The mediator does not provide or enforce an agreement. He or she simply guides the process by using dispute resolution and negotiation tactics and offering potentially viable solutions for the couple to consider. There are several advantages to divorce mediation:
- Unlike a court case, mediation is private.
- The couple generally comes to an agreement much more quickly than they would if they had to argue the case before a judge.
- Because the process is faster, it is also usually less expensive.
- The couple makes the decisions rather than allowing the judge to decide for them.
Michigan Legal Help notes that generally, the issues that a divorcing couple attends mediation to resolve include property division, custody and parenting time. The agreement they create is not legally binding until a judge signs it. Usually, though, a judge will sign a reasonable agreement, and it becomes the official divorce decree.
A couple may need several sessions, and they may not meet with the mediator at the same time.

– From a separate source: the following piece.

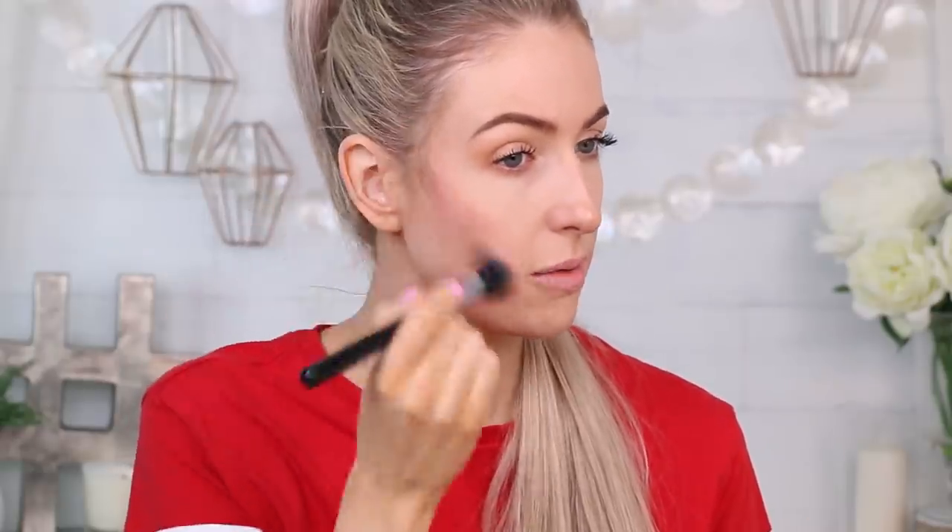Before I set, I'm going in with a stick blush — this is Lancome in Rose Lala, a bright pink. I love cream blushes because they give the illusion that your skin is glowing from within. I always start at the back and work my way forward so the most product is at the back and it gradually gets lighter toward the center — it avoids the clown face scenario.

High-conflict couples may present what they want in separate sessions, and the mediator may then communicate between them and offer possible solutions when there are points of contention.
Although mediation can work for many high-conflict couples, there are situations when mediation may not be a good idea, such as if one or both parties have a history of abuse, one of the spouses has been extremely controlling of the other, or mediation may put one or both spouses in danger of a health or safety risk.